Это мрачное равнодушие человека – как равнодушие самой природы. Или Бога?..

Уже в первом рассказе Л. Толстого «Набег» будет явствен этот след «Валерика»[57]:

«Природа дышала примирительной красотой и силой. Неужели тесно жить людям под этим неизмеримым звездным небом? Нужели может среди этой обаятельной природы удержаться в душе человека чувство злобы, мщения или страсти истребления себе подобных? Все недоброе в сердце человека должно бы, кажется, исчезнуть в прикосновении с природой – этим непосредственным выражением красоты и добра»[58].

«Да! будет, – кто-то тут сказал, —

Им в память этот день кровавый!»

Чеченец посмотрел лукаво

И головою покачал….

Лермонтов писал войну, как вскоре станет писать Толстой свой Севастополь, свой Аустерлиц и свое Бородино. Как век спустя будет писать свою «Конармию» Бабель, а Хемингуэй – Италию Первой мировой или Испанию времен гражданской войны. Как В. Некрасов и В. Гроссман будут писать свой Сталинград, а Твардовский и Вячеслав Кондратьев – свой Ржев… И когда С. Гудзенко скажет:

Бой был короткий. А потом

Глушили водку ледяную

И выковыривал ножом

Из-под ногтей я кровь чужую… —

…он тоже будет наследником Лермонтова.

«Где выражение зла, которого должно избегать? Где выражение добра, которому должно подражать в моей повести? Кто злодей, кто герой ее? Все хороши и все дурны.

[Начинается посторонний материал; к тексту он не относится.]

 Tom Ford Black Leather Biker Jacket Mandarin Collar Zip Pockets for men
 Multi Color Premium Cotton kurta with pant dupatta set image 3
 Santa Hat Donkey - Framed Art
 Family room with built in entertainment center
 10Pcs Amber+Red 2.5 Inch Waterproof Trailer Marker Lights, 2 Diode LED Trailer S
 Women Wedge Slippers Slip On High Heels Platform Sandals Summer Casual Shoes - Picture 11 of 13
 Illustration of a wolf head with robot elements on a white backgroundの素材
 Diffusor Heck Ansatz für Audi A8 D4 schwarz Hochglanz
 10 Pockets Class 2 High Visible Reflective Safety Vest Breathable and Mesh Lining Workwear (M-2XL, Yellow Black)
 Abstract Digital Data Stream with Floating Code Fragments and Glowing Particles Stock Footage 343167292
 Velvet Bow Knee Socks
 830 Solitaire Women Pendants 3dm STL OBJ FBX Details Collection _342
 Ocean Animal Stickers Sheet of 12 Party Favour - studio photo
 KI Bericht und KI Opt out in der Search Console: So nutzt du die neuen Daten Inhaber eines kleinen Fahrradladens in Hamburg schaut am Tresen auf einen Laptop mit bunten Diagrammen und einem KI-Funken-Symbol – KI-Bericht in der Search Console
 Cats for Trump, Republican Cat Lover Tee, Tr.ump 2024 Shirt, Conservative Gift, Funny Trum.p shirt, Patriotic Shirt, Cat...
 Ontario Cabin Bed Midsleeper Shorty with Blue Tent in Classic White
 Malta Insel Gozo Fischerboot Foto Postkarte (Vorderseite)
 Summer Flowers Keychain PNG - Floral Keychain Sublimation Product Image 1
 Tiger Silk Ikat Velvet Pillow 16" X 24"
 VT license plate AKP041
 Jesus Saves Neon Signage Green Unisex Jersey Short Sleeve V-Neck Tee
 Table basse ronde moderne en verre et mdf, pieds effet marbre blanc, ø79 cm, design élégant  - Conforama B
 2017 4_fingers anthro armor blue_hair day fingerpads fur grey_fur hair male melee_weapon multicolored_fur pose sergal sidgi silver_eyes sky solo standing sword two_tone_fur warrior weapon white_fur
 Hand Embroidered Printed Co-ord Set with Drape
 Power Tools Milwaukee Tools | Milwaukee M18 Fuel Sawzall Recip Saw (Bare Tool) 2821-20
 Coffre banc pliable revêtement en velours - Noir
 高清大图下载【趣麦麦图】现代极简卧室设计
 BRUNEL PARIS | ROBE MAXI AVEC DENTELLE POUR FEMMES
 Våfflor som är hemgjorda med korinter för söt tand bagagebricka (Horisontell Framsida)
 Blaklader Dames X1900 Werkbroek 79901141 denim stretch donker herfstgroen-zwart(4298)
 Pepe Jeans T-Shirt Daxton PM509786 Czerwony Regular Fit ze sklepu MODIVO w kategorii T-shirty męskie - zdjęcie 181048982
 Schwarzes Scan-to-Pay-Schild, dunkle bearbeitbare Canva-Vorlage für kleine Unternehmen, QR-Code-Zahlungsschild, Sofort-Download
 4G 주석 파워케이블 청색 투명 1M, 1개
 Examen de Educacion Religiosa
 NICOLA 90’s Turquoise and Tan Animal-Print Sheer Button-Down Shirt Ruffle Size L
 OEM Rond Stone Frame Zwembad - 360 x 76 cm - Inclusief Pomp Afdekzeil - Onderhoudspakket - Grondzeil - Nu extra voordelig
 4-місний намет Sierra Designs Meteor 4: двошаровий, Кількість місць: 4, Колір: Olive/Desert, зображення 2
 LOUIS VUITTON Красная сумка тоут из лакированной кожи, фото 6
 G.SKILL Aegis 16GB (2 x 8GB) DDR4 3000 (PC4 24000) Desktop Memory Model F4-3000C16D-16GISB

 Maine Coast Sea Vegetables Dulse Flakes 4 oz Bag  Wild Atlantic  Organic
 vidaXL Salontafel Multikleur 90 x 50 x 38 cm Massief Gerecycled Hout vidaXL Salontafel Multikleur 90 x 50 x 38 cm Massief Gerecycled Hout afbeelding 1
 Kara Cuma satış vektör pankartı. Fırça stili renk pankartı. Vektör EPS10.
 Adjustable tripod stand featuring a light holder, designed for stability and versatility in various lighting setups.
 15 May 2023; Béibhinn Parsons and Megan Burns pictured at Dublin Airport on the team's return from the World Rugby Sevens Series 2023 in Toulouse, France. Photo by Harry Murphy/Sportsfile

Герой же моей повести, которого я люблю всеми силами души, которого старался воспроизвести во всей красоте его и который всегда был, есть и будет прекрасен, правда»[59].

В старости уже, ворча на всех и вся – и на себя, и на литературу в особенности: «Все литераторы, все литераторы!» Толстой все ж будет признавать: «Я и Лермонтов – не литераторы!»